慎太郎カットの慎太郎とは、現東京都知事の石原慎太郎のことである。
慎太郎カットはモトノブ先生が若い頃、
ナウなヤングたちの間で流行ったヘアスタイルなのだ。

このモトノブ先生との最大の想い出は、
僕がルースターズのライブに行った翌日に生まれた。
ちょうどこのライブ当日はテスト前ということで部活動も自粛となり、
全生徒が早めに帰宅しテスト勉強をする期間中であった。
そんな状況下のなか僕と仲間
2人は、
テスト勉強なんかそっちのけでルースターズのライブに行っていたのだ。

ライブ翌日の午後、ホームルームが終わり帰ろうと支度をしていたら、
モトノブ先生が「おい、カツトシちょっといいか」といって
僕を校舎の中庭に連れ出した。
先生に連れ出される間「オレ、なんかしたかな」と考えていたのだが、
思い当たるフシはない。
はて、なんだろうという僕に対し、
モトノブ先生は「どうだ、最近は」と元気よく聞いてきた。
僕はなんて答えていいのかわからず、
とりあえず「ええ、バッチリです」というスットコドッコイな答えを返した。

「テスト勉強は進んでるか」

「ええ、まあボチボチと」

「昨日はナニを勉強した」

「えーっと、倫理と物理をちょっと」

「ずっと家にいて勉強してたのか」

「えっ、いや、あの、その」

「なんだ、どっかに出かけてたのか?

「あっ、はぁ、まあ、なんというか、ちょっと出かけてました」

「どこに行ってたんだ」

「ちょっと、ライブなんぞに」

そう正直にいったあと、
僕はテスト勉強期間中に遊びに出かけたことに対して、怒られると思った。
しかし、モトノブ先生はそんな僕の心中を楽しむかのようにニヤリと笑った。

「やっぱりな。

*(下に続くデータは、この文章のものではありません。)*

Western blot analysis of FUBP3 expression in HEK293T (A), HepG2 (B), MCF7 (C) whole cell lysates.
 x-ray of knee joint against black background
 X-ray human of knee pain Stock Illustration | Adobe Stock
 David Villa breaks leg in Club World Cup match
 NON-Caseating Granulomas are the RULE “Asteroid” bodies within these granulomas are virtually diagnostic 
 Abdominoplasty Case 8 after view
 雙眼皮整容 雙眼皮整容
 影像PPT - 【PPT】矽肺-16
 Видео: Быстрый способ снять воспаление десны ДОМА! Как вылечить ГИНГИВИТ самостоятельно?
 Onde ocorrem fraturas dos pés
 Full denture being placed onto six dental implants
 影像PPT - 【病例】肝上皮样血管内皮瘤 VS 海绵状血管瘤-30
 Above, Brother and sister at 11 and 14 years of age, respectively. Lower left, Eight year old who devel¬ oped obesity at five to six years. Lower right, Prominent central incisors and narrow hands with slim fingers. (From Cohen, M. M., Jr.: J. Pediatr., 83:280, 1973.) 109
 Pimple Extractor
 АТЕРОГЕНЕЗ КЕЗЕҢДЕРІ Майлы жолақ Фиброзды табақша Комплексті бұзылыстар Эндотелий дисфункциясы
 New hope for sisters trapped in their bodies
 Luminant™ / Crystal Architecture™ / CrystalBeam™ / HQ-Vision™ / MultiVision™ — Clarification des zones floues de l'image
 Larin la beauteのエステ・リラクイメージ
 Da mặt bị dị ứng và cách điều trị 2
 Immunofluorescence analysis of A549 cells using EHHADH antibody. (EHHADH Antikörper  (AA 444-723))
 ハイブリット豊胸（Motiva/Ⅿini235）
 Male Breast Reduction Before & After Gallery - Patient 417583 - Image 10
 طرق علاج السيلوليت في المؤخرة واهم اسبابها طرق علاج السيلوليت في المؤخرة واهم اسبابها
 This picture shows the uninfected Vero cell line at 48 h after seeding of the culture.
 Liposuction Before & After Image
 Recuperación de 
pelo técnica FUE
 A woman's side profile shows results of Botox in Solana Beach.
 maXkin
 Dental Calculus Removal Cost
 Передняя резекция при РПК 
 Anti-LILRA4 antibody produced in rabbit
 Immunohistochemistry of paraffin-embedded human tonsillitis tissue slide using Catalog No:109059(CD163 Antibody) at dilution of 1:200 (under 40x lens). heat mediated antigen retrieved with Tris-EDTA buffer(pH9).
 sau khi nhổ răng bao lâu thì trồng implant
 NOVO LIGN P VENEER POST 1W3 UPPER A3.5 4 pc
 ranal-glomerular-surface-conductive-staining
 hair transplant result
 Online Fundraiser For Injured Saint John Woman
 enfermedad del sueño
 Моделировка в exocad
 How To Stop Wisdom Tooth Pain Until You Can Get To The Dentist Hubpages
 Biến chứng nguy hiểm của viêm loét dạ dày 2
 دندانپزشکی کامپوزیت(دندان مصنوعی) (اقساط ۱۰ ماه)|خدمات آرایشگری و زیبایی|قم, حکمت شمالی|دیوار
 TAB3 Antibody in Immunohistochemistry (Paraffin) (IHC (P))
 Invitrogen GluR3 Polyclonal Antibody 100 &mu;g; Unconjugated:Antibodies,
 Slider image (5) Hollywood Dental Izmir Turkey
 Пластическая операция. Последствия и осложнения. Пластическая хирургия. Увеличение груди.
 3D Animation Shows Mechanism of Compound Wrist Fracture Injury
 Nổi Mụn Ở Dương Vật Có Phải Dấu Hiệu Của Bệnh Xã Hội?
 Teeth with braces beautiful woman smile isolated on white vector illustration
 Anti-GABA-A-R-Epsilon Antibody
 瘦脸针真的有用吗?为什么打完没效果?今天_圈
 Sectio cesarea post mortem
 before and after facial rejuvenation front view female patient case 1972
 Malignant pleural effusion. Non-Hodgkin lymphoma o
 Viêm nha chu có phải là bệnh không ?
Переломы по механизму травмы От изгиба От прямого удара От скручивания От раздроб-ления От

昨日、おまえを○○駅のホームで見かけたんだよ」

ライブがあった会場の最寄り駅だった。
その駅は地元から
45分ぐらい離れている。
なのに偶然、モトノブ先生もそのとき、そこにいたのだ。
僕はつくづく世の中の狭さを痛感した。

そして昨日その駅でナニをしていたのを思い出し、ゾッとした。
僕はホームで電車を待っている間、勢いよくタバコを吸っていたのだ。
停学。
その
2文字が僕の脳裏からモクモクとわき上がり、
グイグイと目の前にせり出してくるのがわかった。
もはや万事休すである。
ここは潔く縛につこうと決意を固めた次の瞬間。

「おまえな、世の中どこに誰がいるかわかんないんだから、
あんまり目立つようなことをしてオレを困らせんなよ」と笑いながら、
モトノブ先生はジャージのポケットからハイライトを取り出し、
100円ライターで火をつけ、うまそうに煙を吐き出した。

僕は背筋を伸ばし「はっ!! 気をつけます」と大きな声で
体操競技であれば
10点満点間違いなしの返事をした。

この日のことは、いまも鮮明に憶えている。
僕は教育者でもなんでもないので偉そうなことはいえないのだが、
少なくとも僕にとって教育とはこういうことである。